* _Activity_:
State the number of lines in the records underneath where the word "Black" turns up, and say nothing else.

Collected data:
☆ ☆ ☆ ☆ ☆ ☆ ☆

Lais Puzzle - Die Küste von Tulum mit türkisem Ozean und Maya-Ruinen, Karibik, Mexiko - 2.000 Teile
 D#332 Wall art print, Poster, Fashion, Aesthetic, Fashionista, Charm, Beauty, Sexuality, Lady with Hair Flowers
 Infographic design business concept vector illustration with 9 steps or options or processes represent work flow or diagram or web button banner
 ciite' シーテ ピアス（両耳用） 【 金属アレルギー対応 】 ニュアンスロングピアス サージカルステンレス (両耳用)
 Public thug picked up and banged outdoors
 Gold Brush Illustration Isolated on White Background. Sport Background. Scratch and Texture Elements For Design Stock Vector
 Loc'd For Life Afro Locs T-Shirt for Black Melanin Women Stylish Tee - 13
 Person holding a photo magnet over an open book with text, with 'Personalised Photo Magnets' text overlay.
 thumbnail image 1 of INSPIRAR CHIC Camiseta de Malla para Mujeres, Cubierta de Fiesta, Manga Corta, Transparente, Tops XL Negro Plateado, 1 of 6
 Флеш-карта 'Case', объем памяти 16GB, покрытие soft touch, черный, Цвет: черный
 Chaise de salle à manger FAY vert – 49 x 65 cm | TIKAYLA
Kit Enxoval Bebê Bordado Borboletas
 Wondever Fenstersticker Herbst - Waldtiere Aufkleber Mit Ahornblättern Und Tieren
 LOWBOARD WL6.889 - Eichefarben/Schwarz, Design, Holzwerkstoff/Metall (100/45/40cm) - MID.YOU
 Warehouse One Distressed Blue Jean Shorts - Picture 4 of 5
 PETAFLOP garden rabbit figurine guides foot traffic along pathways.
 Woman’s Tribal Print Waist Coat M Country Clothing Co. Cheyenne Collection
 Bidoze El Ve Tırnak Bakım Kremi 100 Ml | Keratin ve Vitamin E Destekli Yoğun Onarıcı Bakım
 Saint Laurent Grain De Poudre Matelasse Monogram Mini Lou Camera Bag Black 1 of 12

☆ ☆ ☆ ☆ ☆ ☆ ☆

* _Task answer_:
2